[Scraped caption text data]
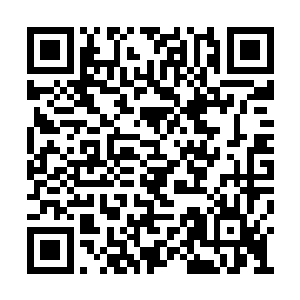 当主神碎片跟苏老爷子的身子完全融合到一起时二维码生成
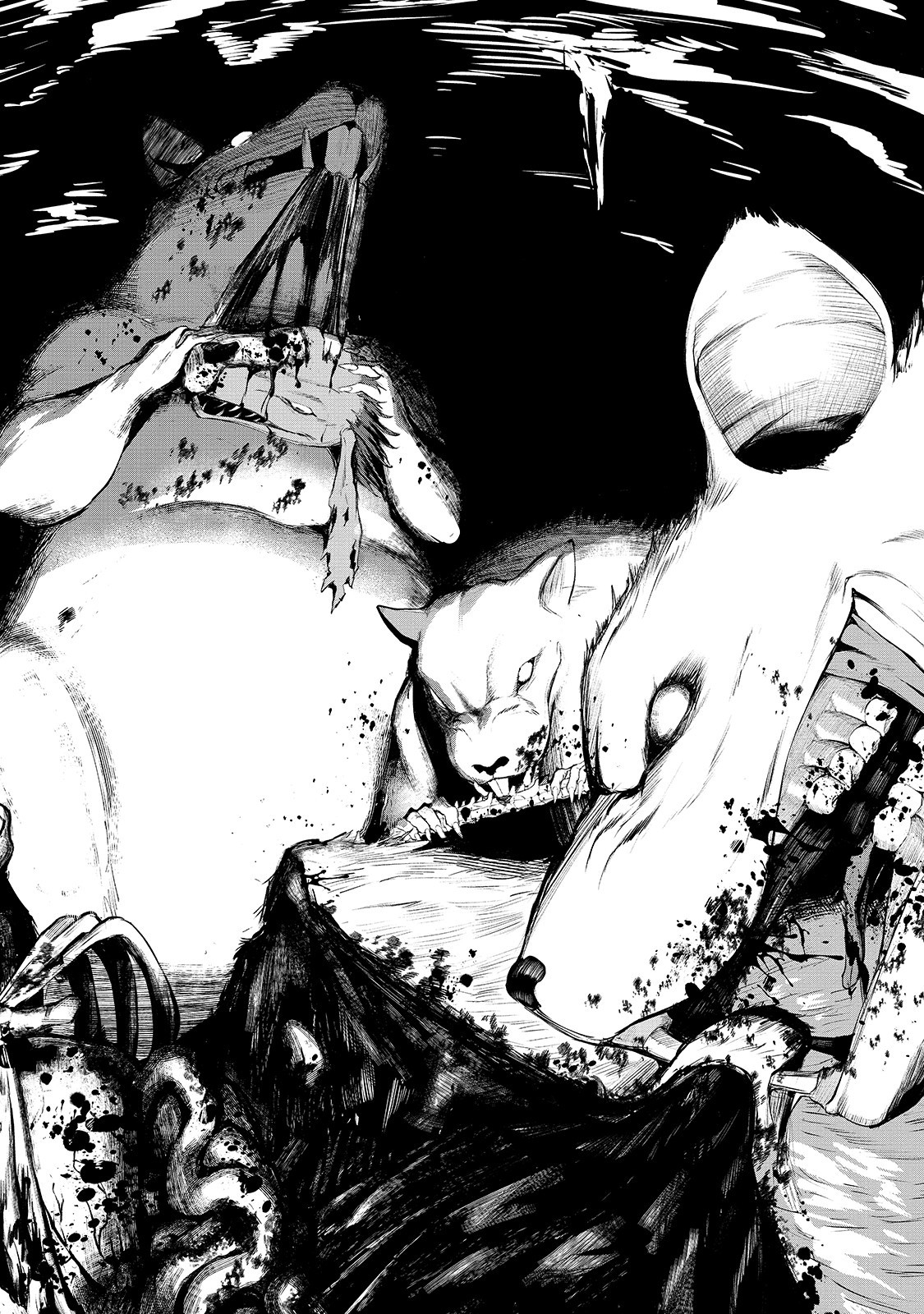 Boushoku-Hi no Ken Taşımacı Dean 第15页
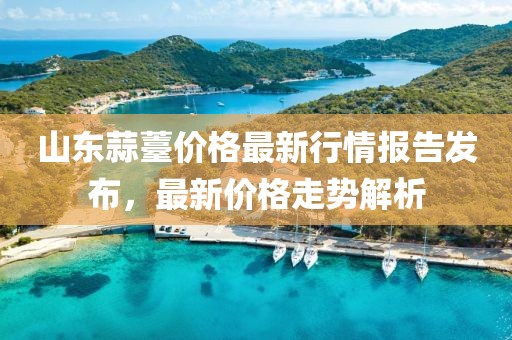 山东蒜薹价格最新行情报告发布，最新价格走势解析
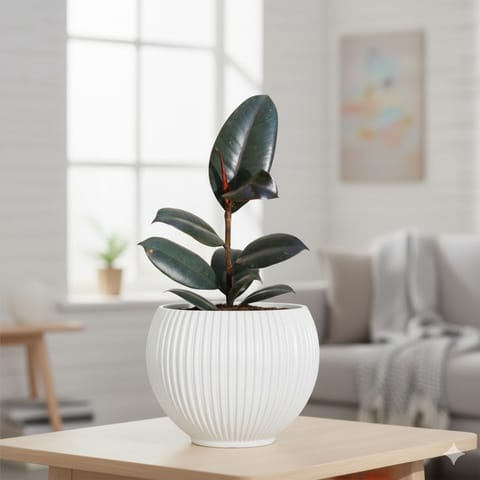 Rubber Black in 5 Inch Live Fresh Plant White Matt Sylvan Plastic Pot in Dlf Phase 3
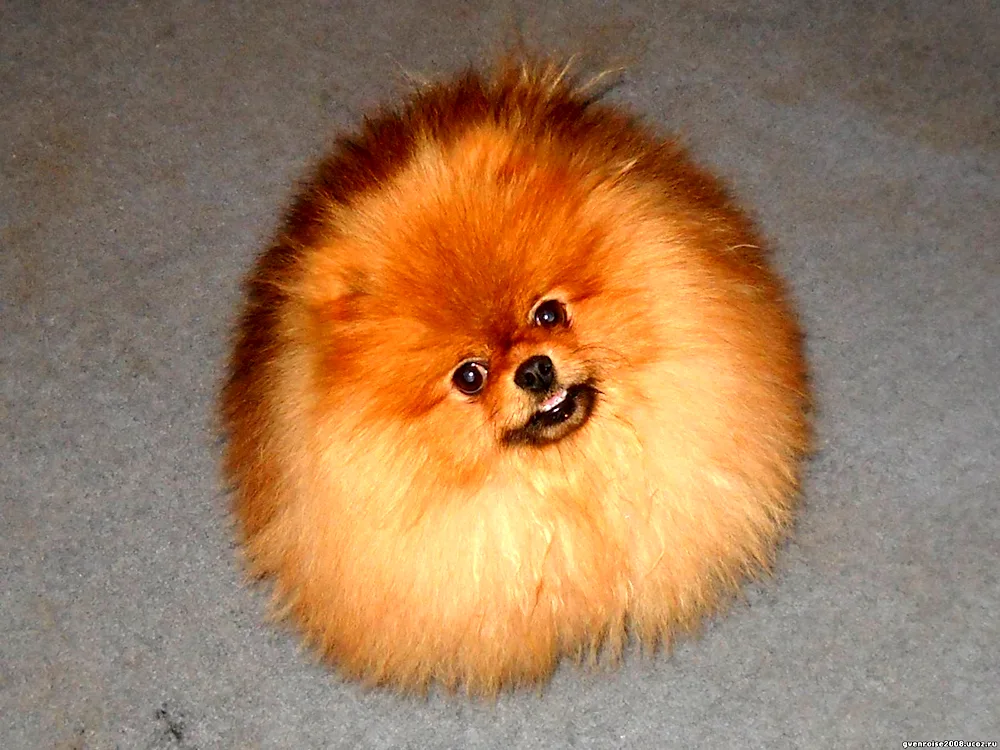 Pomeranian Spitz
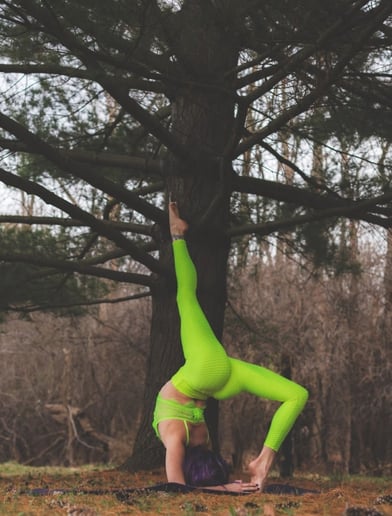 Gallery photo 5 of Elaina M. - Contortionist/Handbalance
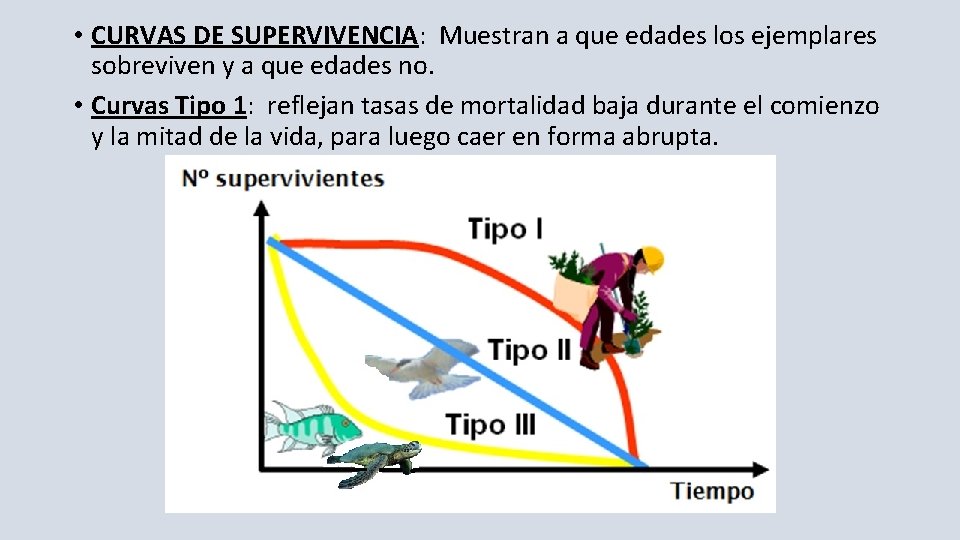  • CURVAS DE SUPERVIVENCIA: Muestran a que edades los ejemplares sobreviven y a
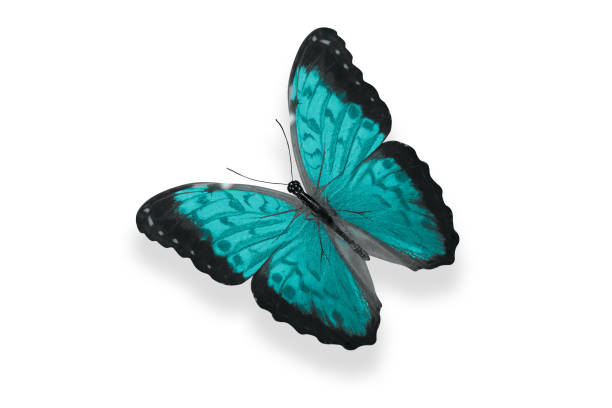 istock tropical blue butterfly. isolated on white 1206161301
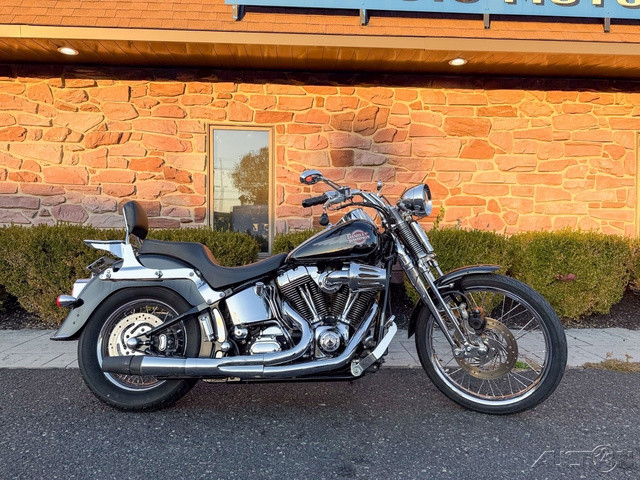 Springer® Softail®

---

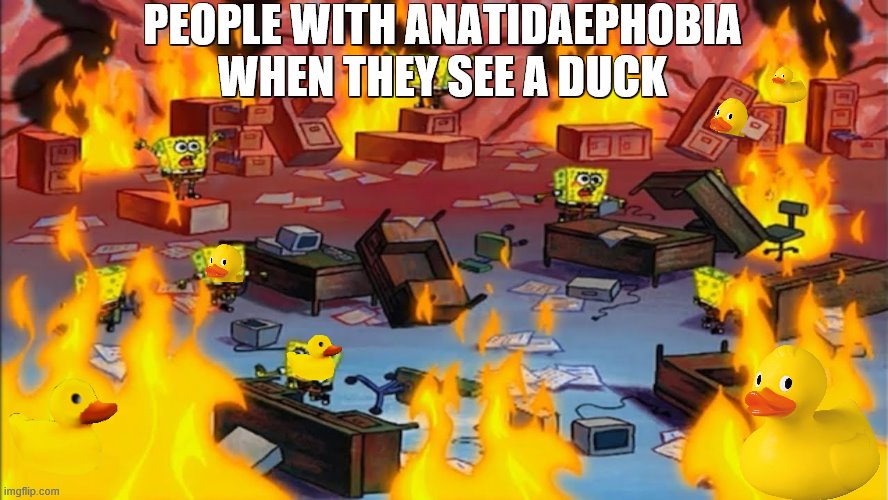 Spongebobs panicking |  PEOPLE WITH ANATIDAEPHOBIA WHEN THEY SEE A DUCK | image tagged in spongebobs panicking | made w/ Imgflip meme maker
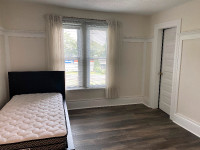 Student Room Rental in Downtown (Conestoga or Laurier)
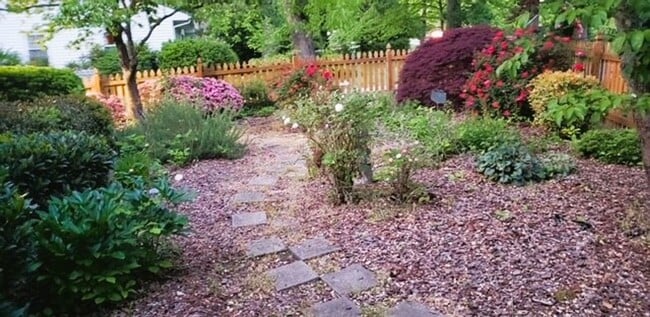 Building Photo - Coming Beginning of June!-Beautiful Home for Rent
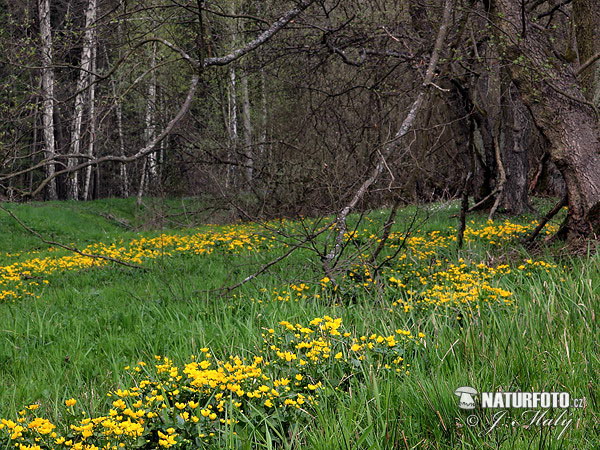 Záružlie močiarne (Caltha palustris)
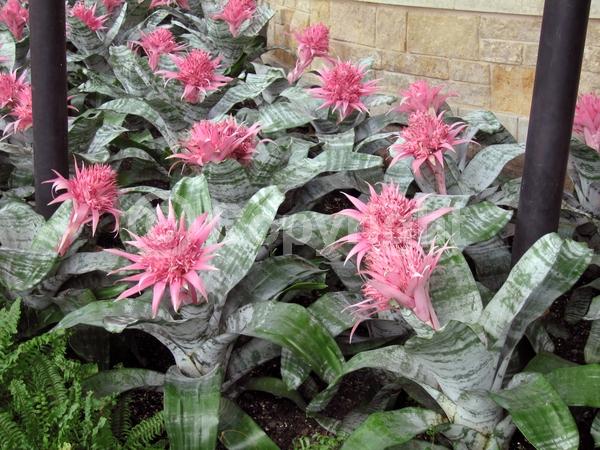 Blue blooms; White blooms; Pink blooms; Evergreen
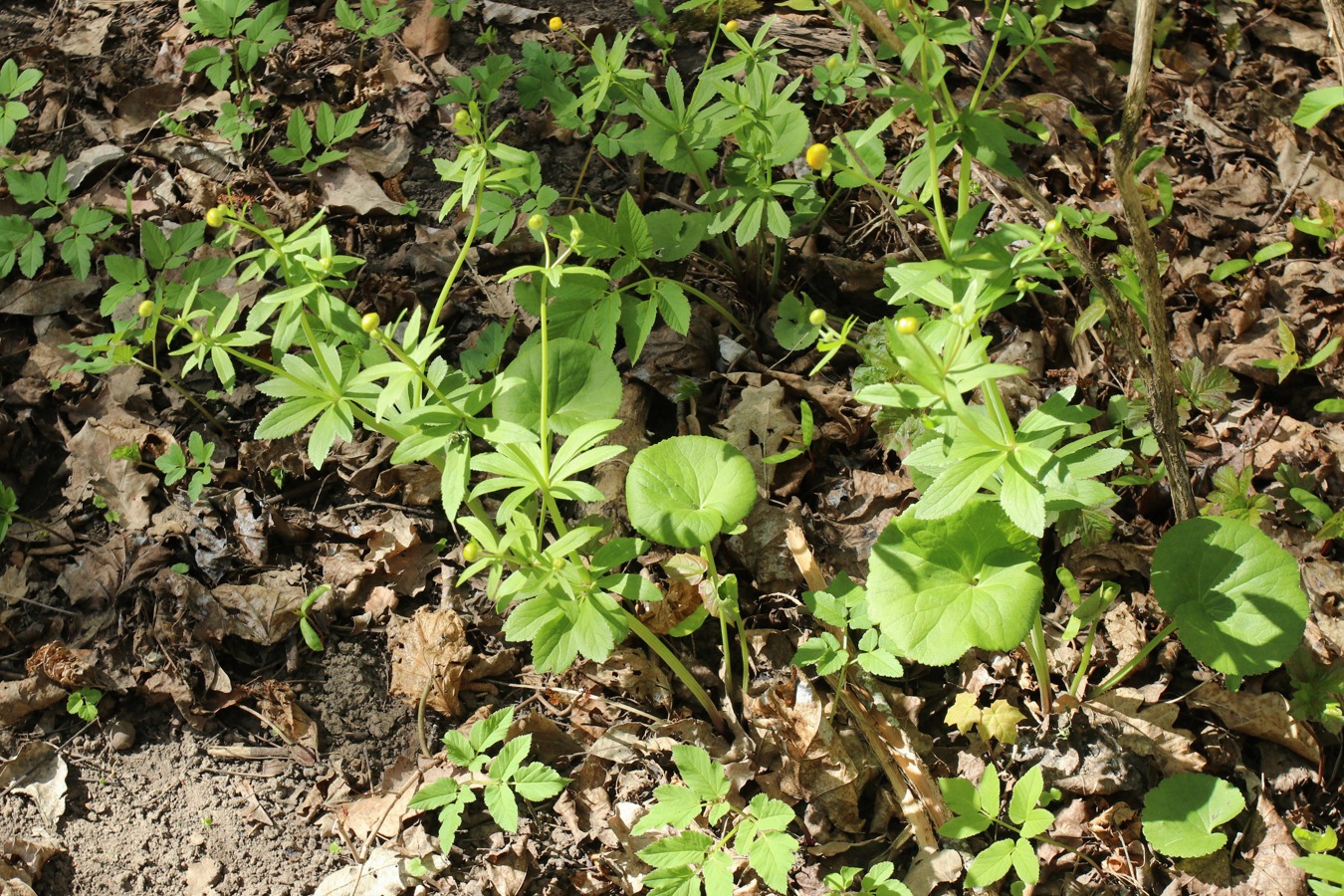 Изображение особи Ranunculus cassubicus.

● PROBLEM TO SOLVE:
Every line above between the one containing "Student Room Rental" and the one containing "Изображение особи Ranunculus cassubicus.", those two included, is to be printed exactly. No pictures go into the copy.

● RESPONSE TO THE TASK:
 Student Room Rental in Downtown (Conestoga or Laurier)
 Building Photo - Coming Beginning of June!-Beautiful Home for Rent
 Záružlie močiarne (Caltha palustris)
 Blue blooms; White blooms; Pink blooms; Evergreen
 Изображение особи Ranunculus cassubicus.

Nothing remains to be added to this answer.